Data listing -
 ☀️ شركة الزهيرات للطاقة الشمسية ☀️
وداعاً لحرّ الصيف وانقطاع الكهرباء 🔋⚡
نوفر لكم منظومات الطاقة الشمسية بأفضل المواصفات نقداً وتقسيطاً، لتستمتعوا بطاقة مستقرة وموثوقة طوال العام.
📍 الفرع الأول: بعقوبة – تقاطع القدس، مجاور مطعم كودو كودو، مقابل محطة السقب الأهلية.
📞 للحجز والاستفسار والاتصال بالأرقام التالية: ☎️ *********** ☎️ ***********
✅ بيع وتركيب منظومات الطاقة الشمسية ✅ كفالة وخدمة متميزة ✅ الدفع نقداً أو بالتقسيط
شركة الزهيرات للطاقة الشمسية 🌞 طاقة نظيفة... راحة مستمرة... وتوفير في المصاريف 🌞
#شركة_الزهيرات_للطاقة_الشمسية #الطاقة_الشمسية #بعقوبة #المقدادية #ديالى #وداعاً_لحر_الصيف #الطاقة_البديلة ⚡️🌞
==
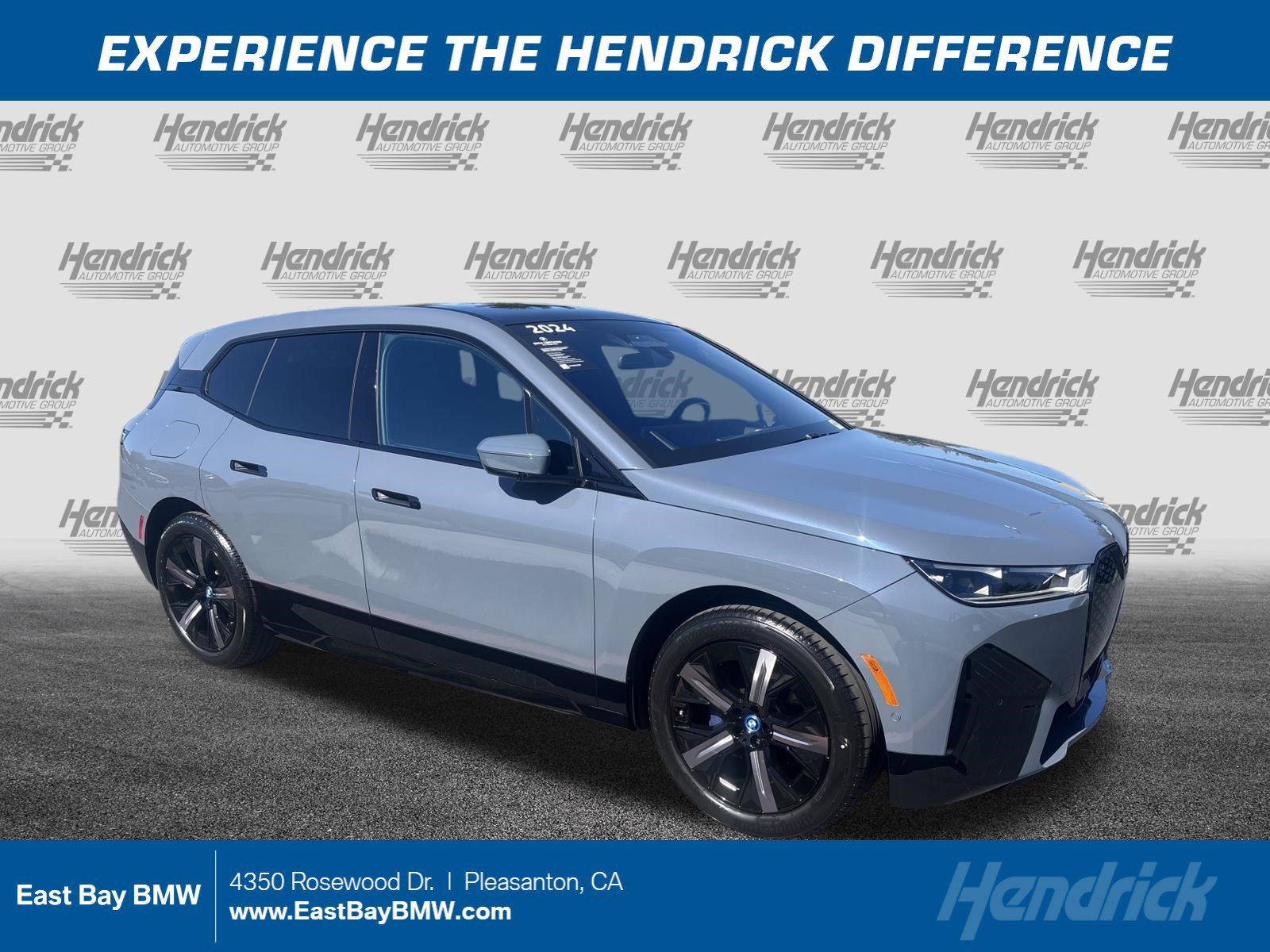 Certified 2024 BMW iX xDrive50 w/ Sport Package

The problem - Scan the listing above for the line that has "محطة السقب الأهلية.", then copy exactly from that line through the line that has "شركة الزهيرات للطاقة الشمسية 🌞".

Output of the exercise -
📍 الفرع الأول: بعقوبة – تقاطع القدس، مجاور مطعم كودو كودو، مقابل محطة السقب الأهلية.
📞 للحجز والاستفسار والاتصال بالأرقام التالية: ☎️ *********** ☎️ ***********
✅ بيع وتركيب منظومات الطاقة الشمسية ✅ كفالة وخدمة متميزة ✅ الدفع نقداً أو بالتقسيط
شركة الزهيرات للطاقة الشمسية 🌞 طاقة نظيفة... راحة مستمرة... وتوفير في المصاريف 🌞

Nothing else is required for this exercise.